--- Data block ---
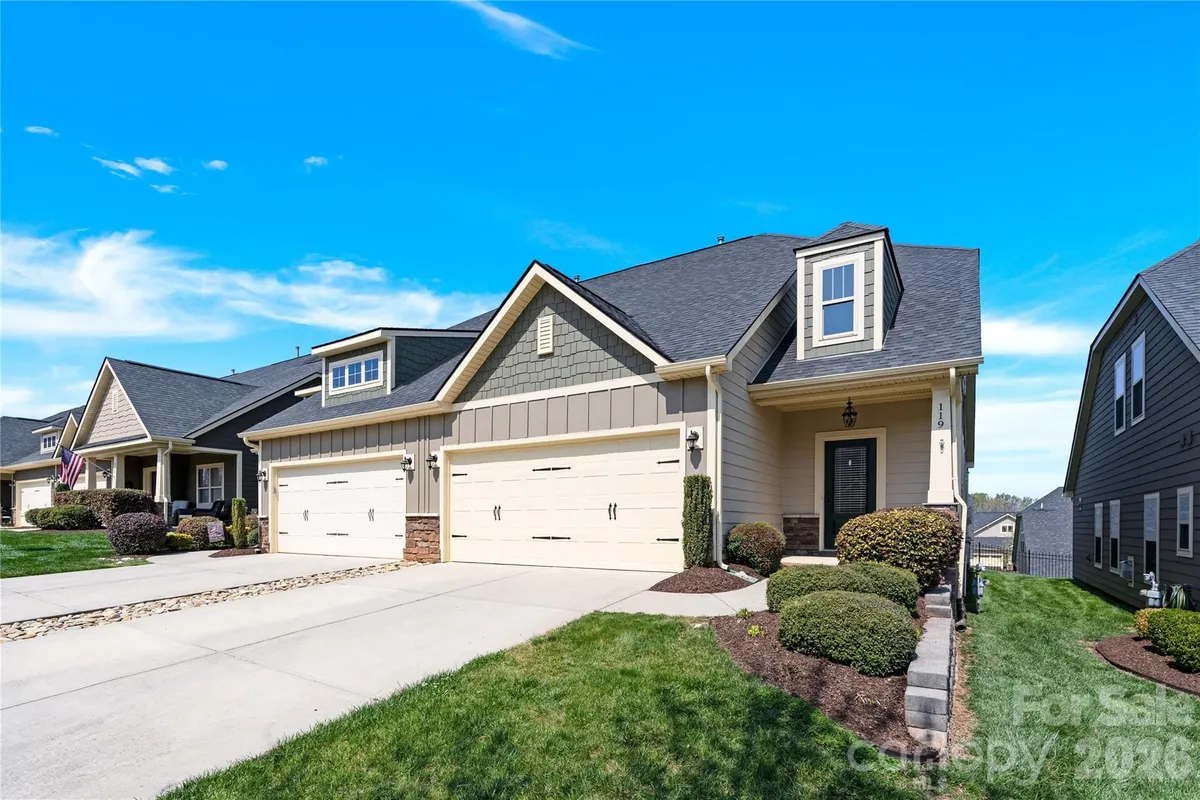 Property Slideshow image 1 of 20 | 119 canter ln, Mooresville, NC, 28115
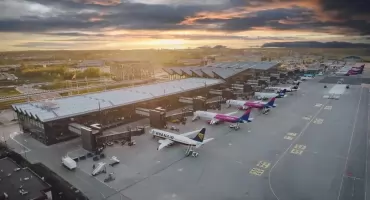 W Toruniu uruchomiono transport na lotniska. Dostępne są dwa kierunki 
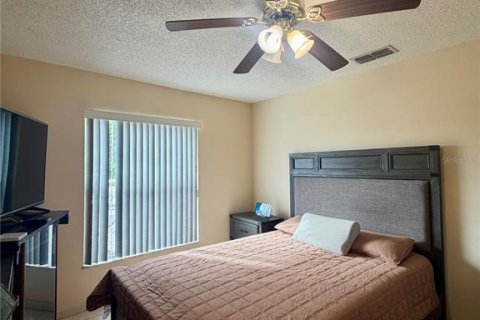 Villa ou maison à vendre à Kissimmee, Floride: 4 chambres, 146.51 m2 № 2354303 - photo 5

--- Exercise ---
Hand back every line of the material, exactly, without the pictures.

--- Exercise output ---
 Property Slideshow image 1 of 20 | 119 canter ln, Mooresville, NC, 28115
 W Toruniu uruchomiono transport na lotniska. Dostępne są dwa kierunki 
 Villa ou maison à vendre à Kissimmee, Floride: 4 chambres, 146.51 m2 № 2354303 - photo 5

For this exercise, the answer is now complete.